Jess, jobless and alone, travels to Paris from the UK to seek the company of her somewhat estranged half-brother, Ben, in Paris. Ben, reluctant but obligated by blood to receive her, gives her directions to his Paris apartment. He'll, he says, be there when she arrives that evening.
Jess arrives, on time, and as directed by Ben, but only Ben's cat is in the 2nd floor flat. "Hmm... Ben told me he'd be here.... where is he?
Enter into the narrative the residents of the apartment block, all but one of whom (Nicholas) are not particularly friendly to Jess as she seeks information about the whereabouts of her brother.
Dramatis personae:
The crone-like concierge, who lives in a cramped ground floor space.

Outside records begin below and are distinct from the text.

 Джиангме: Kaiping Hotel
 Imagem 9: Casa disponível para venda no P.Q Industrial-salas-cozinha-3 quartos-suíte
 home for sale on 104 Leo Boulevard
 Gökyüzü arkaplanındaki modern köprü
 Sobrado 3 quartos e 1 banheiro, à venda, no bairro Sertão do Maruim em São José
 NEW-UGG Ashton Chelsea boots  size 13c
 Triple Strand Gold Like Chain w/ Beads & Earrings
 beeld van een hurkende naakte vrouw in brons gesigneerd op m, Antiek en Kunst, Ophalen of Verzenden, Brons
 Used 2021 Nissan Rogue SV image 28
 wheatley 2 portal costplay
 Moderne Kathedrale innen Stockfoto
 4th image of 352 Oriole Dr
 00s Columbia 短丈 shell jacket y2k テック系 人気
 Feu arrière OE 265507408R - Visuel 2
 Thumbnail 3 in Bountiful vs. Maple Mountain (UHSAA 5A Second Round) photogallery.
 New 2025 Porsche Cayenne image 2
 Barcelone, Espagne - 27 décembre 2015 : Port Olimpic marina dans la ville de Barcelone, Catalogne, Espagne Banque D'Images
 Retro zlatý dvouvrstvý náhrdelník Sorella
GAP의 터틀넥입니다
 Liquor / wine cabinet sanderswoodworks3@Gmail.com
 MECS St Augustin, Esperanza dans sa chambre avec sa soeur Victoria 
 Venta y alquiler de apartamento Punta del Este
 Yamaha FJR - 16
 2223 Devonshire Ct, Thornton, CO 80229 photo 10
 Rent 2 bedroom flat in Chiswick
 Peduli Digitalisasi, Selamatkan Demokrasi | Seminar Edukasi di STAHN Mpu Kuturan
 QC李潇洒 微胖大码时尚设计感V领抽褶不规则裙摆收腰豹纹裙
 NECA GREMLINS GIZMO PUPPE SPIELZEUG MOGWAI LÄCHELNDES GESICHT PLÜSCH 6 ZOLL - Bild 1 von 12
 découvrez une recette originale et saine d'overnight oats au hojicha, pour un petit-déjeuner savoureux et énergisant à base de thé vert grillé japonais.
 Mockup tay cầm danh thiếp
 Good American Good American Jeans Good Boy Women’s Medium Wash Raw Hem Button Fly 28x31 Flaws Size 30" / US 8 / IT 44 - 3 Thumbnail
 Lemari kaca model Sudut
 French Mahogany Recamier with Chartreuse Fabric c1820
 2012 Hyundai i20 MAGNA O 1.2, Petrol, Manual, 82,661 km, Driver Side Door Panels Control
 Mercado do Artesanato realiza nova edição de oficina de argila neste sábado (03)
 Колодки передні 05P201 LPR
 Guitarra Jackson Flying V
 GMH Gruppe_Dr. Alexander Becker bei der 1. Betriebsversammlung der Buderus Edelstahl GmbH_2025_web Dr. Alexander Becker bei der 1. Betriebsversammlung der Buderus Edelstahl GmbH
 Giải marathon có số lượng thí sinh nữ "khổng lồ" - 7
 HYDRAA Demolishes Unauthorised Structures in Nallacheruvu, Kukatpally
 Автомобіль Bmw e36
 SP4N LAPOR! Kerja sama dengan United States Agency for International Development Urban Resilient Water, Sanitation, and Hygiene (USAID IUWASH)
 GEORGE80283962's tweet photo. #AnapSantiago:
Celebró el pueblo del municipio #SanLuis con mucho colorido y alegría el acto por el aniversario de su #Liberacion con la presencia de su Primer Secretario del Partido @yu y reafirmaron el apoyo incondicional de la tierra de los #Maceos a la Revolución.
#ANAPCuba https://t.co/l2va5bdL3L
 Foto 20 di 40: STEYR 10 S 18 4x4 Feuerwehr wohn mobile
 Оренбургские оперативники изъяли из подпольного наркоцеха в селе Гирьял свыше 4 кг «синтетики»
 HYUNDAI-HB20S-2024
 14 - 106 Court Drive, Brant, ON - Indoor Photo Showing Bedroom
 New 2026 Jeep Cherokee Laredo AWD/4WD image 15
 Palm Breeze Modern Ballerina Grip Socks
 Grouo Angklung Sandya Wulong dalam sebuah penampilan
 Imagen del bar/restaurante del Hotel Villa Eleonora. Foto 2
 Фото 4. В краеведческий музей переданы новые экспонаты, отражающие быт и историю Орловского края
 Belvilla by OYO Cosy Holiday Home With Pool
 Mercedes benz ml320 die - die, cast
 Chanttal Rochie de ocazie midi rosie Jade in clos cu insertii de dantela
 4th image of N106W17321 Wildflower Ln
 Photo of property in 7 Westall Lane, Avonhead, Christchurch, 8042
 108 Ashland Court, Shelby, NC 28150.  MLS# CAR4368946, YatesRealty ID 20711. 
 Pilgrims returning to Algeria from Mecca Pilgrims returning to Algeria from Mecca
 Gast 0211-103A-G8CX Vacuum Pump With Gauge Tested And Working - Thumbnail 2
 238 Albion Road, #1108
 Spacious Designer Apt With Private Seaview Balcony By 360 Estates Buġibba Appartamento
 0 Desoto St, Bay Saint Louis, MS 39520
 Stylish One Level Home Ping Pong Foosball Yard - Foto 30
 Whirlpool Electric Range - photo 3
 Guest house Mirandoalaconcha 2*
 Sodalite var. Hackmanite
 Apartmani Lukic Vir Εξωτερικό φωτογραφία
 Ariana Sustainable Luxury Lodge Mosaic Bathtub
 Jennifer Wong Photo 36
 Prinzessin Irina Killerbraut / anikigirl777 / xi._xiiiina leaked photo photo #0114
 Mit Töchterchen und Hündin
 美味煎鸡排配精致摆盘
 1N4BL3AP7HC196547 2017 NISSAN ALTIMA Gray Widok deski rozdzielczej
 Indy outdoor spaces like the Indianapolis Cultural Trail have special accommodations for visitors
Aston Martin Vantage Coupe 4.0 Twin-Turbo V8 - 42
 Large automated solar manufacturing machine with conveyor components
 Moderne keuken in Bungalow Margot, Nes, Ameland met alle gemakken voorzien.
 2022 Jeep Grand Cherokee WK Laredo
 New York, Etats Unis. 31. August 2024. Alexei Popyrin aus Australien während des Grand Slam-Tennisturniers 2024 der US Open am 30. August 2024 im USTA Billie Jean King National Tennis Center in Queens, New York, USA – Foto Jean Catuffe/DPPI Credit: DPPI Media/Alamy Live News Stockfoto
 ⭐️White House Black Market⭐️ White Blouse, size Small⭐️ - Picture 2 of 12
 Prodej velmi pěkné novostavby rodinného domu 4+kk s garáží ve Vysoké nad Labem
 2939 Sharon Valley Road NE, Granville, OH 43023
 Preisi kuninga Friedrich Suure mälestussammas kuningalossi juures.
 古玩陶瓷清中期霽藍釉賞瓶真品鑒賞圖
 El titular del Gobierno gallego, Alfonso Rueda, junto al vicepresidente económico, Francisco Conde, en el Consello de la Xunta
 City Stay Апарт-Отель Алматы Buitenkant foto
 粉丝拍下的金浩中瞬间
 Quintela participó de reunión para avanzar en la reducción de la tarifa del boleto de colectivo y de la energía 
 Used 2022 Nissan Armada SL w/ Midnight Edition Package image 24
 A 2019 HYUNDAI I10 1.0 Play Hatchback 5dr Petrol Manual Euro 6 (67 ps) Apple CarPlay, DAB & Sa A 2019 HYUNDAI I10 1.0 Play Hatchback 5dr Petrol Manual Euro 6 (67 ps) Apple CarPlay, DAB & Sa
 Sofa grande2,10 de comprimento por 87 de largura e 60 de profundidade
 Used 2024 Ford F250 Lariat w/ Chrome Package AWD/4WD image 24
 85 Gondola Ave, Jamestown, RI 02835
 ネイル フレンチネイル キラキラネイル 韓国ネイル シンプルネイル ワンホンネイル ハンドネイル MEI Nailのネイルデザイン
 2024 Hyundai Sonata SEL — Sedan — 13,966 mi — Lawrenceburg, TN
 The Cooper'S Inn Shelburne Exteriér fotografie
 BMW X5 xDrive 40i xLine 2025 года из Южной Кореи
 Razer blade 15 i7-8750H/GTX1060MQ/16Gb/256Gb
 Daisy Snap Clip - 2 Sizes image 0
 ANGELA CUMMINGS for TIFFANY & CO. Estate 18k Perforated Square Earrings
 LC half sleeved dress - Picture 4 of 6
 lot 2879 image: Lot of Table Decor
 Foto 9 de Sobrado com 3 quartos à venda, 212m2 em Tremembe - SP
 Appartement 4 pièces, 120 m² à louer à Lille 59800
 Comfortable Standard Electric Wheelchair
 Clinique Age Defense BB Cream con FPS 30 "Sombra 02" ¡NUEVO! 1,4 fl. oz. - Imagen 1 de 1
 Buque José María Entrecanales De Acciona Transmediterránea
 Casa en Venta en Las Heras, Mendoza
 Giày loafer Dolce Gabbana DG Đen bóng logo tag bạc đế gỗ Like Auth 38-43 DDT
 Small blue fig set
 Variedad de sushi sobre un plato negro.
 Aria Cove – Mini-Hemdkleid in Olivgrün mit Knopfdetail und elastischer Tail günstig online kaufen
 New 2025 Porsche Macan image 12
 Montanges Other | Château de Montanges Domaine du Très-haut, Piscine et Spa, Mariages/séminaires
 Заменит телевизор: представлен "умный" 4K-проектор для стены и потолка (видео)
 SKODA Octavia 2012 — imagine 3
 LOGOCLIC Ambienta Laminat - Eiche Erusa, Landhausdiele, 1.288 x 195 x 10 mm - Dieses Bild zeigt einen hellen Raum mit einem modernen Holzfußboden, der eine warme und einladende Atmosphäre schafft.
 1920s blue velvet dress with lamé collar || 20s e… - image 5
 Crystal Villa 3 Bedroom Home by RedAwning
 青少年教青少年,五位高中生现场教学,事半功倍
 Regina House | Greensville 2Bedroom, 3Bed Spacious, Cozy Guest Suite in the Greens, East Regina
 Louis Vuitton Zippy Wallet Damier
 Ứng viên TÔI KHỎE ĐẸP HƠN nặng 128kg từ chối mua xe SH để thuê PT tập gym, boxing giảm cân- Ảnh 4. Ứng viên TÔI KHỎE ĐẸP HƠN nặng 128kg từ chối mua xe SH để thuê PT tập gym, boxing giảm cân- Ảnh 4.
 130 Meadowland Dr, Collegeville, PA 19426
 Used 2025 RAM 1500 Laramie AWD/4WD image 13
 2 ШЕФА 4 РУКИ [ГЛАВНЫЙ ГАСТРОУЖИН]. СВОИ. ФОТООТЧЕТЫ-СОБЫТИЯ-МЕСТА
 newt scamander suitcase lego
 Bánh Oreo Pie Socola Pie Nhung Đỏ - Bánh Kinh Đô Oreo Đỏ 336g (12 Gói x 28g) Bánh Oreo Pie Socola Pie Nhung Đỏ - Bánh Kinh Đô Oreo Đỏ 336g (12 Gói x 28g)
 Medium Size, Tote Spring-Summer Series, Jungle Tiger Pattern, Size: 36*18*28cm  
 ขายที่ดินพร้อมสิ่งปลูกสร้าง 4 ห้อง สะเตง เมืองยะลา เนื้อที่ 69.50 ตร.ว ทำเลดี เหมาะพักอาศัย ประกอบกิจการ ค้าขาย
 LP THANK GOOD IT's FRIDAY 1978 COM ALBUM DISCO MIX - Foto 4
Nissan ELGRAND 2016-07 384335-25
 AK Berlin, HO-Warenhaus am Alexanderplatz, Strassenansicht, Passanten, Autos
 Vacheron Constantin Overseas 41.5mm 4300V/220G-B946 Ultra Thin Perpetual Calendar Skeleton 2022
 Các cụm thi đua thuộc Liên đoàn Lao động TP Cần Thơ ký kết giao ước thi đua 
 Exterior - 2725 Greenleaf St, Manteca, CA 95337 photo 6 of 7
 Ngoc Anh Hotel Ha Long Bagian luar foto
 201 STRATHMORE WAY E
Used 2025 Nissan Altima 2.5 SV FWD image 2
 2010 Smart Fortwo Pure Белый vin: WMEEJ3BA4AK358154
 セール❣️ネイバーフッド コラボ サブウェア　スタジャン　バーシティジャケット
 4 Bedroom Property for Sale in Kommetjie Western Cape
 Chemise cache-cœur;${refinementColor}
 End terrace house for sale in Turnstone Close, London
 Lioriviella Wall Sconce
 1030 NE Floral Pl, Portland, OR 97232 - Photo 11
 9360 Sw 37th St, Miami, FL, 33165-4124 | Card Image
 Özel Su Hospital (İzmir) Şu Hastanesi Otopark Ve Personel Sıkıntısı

Sophia, the stern, well-coiffed, designer dressed, fifty-something, Parisienne sophisticate. Fifth floor penthouse.
Antoine, the gruff, mid-thirties, boorish, alcoholic who, within a short time of Jess's arrival is seen by Jess, from brother Ben's second floor window, to be forcefully throwing his wife out into the street.
Nicholas, third floor, a seemingly honest thirty something. Seemingly is the operative term as Jess is later to find out.
Mimi. Eighteen. Fourth floor. Quiet, quirky (and nutty?) teen living with her outgoing, social, and promiscuous friend, Clare.
The novel unfolds as Jess engages with the apartment residents in an effort to seek answers on the whereabouts of her brother Ben.
SPOILERS follow!!! A primary reason for doing these reviews is so I can recall what I read!
The characters, though they live in different apartments, are members of one family. A mother, her two sons, and a daughter.
Ben, a restaurant reviewer and Wanna-Be investigative reporter, had been invited by his college friend Nick to stay in the empty second floor unit. Ben's disappearance has to do with the fleshing out of the family secrets of his hosts. His inquiry is enabled by ten-year-old, careless family revelations from college friend Nick, once his besotted homosexual partner.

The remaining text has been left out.